(Work to be completed): Quote only the lines that start at the line with "Stapanul_Marilor03.jpg Stăpânul mărilor" and run to the end of the entries; omit the pictures.

(Data shown):
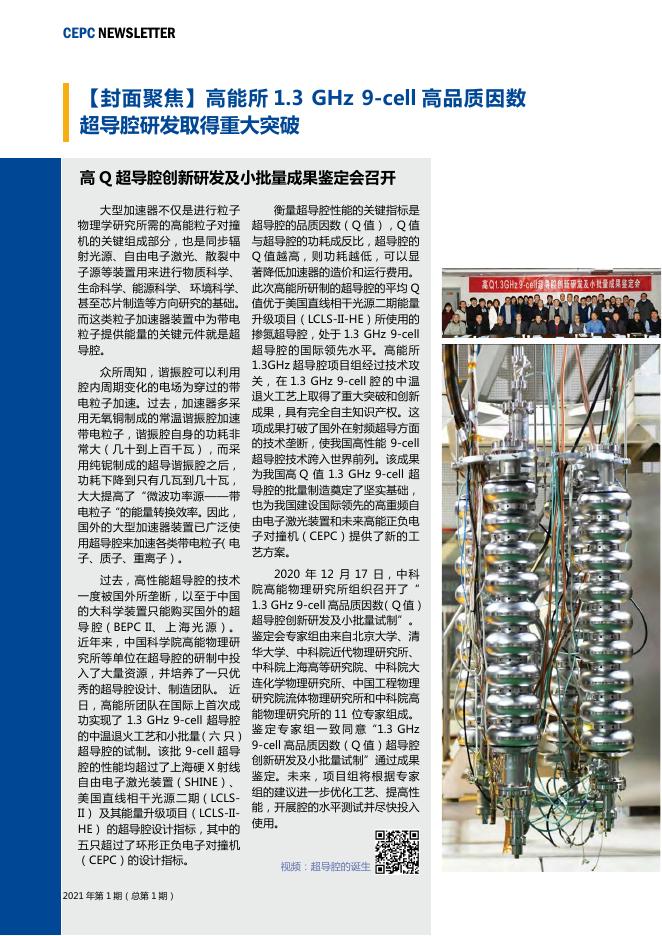 CEPC简报 2021年第1期（总第1....pdf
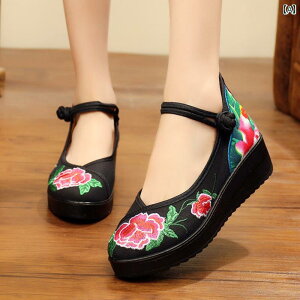 fC[X V[Y Õ zC t hJ C GXjbN   ؂ 󂢌 AeB[N XNGA_X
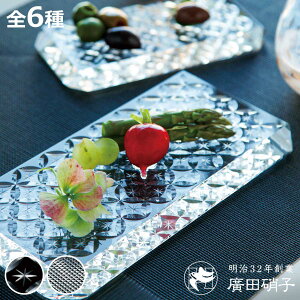 AcɎq M  M   ݖE򖡎M i 24cm 18cm KX { M v[g KXv[g ]ː؎q p^ `  X^CbV Vv _ jy3980~ȏ㑗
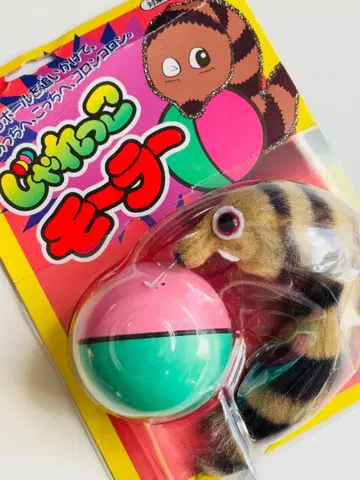 MASUDAYA 코퍼레이션 MASUDAYA 쟈렛코 모라 핑크 그린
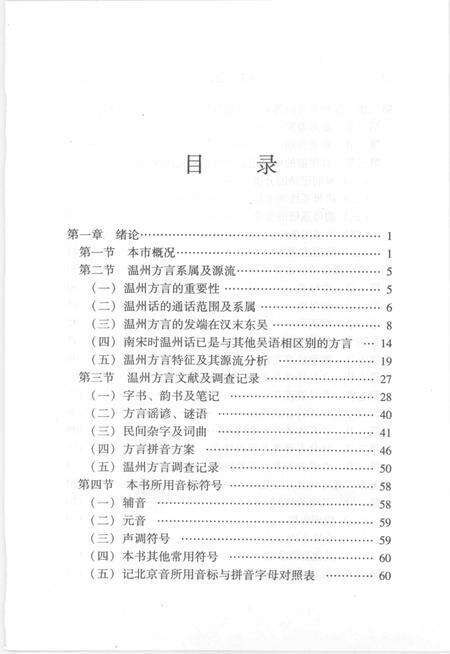 2008-温州方言志.pdf电子版_浙江省志预览图3
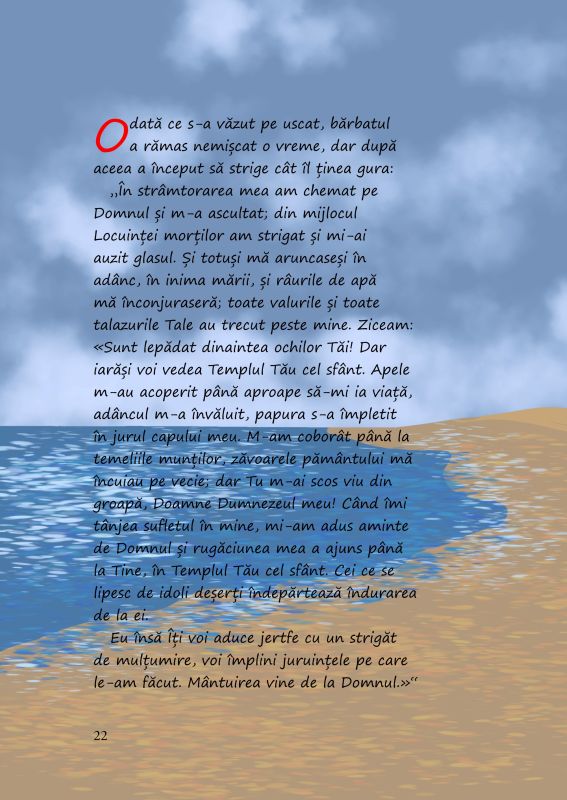 Stapanul_Marilor03.jpg Stăpânul mărilor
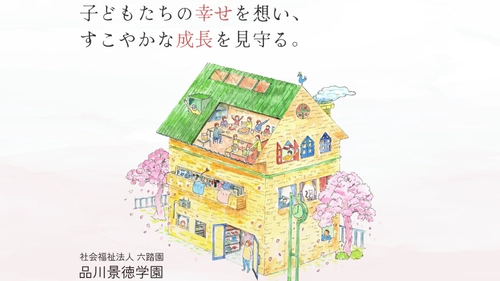 【児童養護施設×地方企業の新しい挑戦】子どもたち主体の地域振興マルシェ、東京・品川で開催！
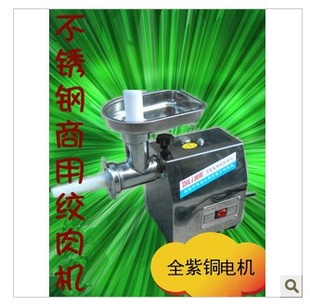 8型不锈钢绞肉机家用小型灌肠碎肉机多功能切肉机搅肉机电动商用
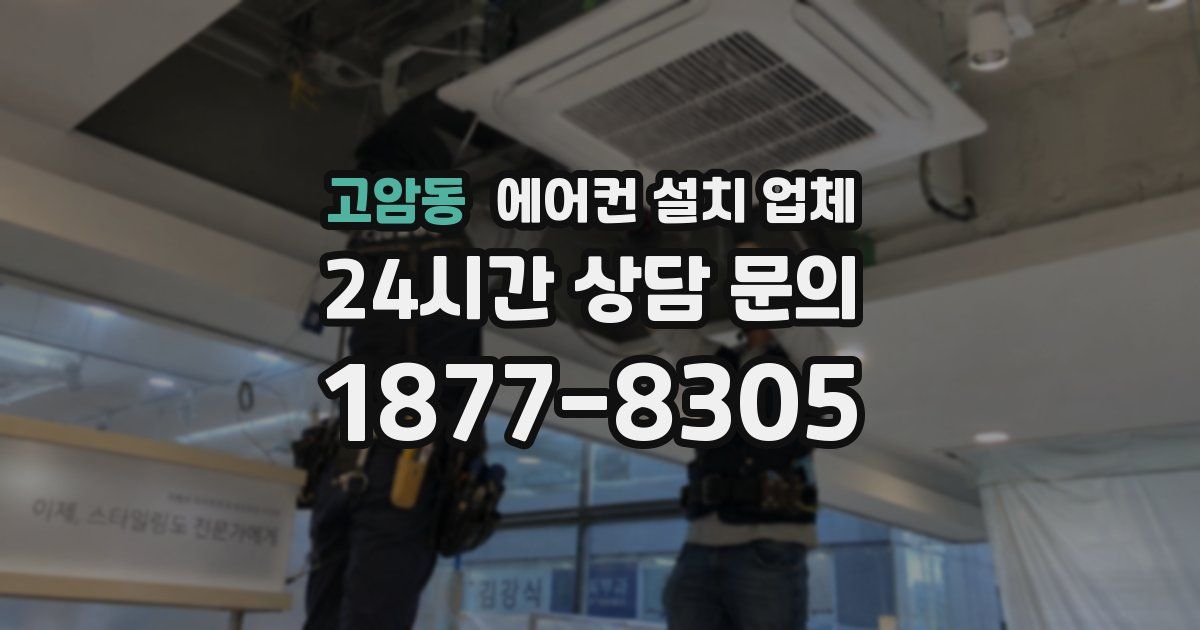 고암동 에어컨 설치 업체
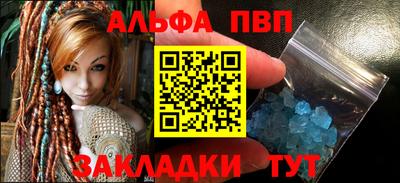 2c-b Донецк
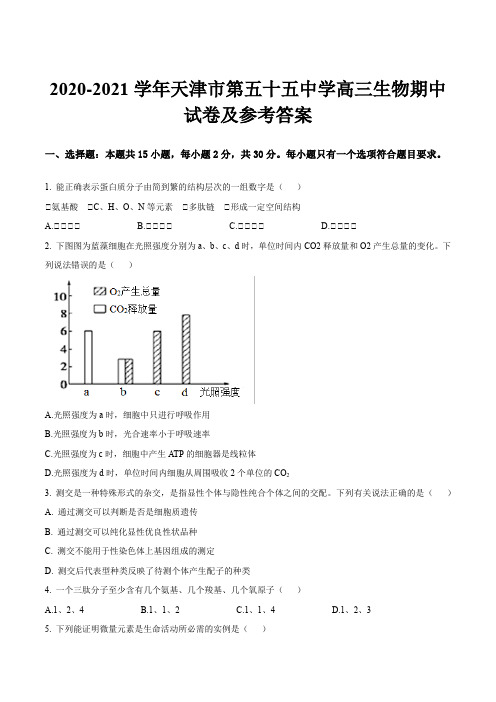 2020-2021学年天津市第五十五中学高三生物期中试卷及参考答案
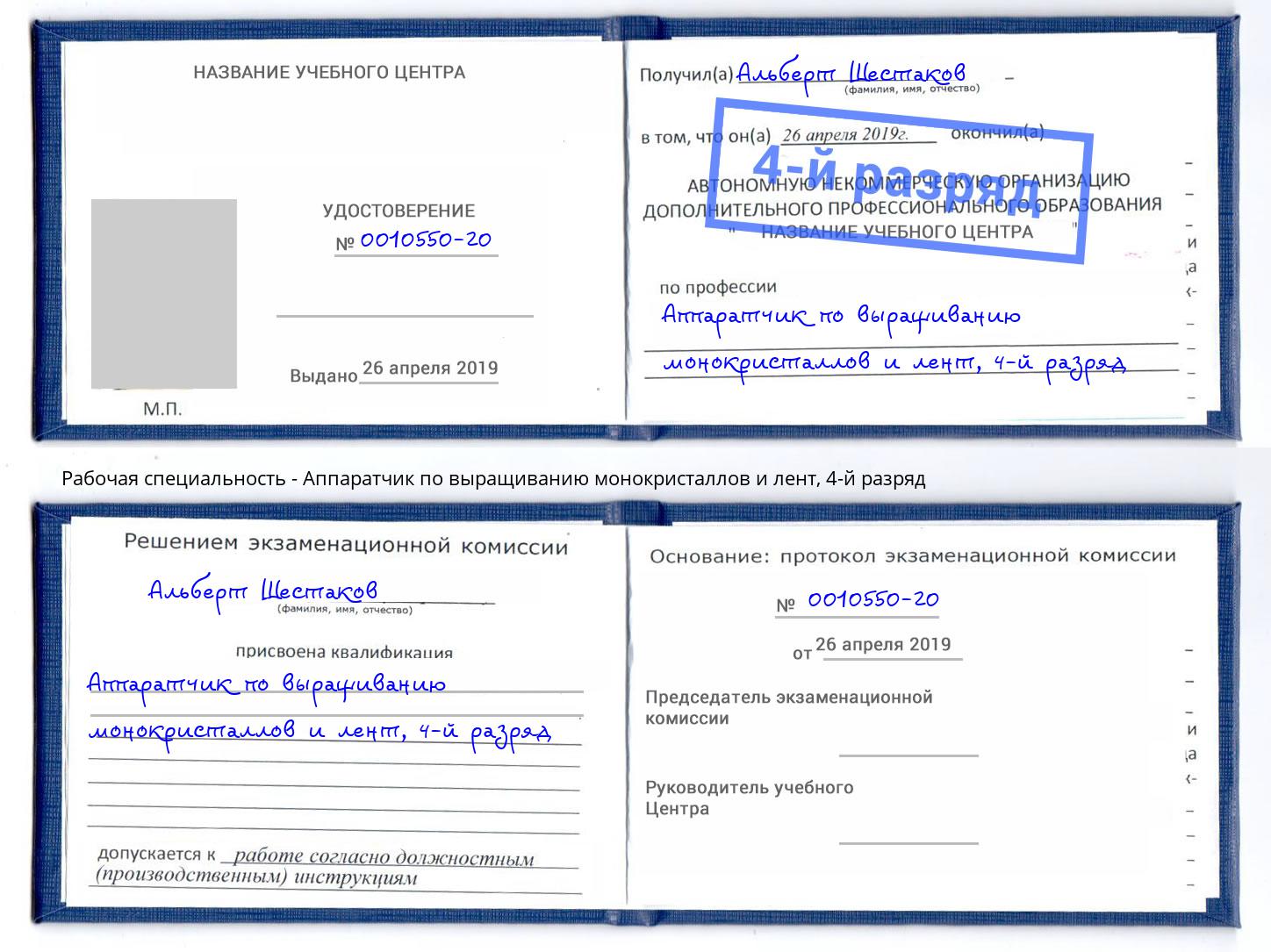 корочка 4-й разряд Аппаратчик по выращиванию монокристаллов и лент Переславль-Залесский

(Response to the task):
 Stapanul_Marilor03.jpg Stăpânul mărilor
 【児童養護施設×地方企業の新しい挑戦】子どもたち主体の地域振興マルシェ、東京・品川で開催！
 8型不锈钢绞肉机家用小型灌肠碎肉机多功能切肉机搅肉机电动商用
 고암동 에어컨 설치 업체
 2c-b Донецк
 2020-2021学年天津市第五十五中学高三生物期中试卷及参考答案
 корочка 4-й разряд Аппаратчик по выращиванию монокристаллов и лент Переславль-Залесский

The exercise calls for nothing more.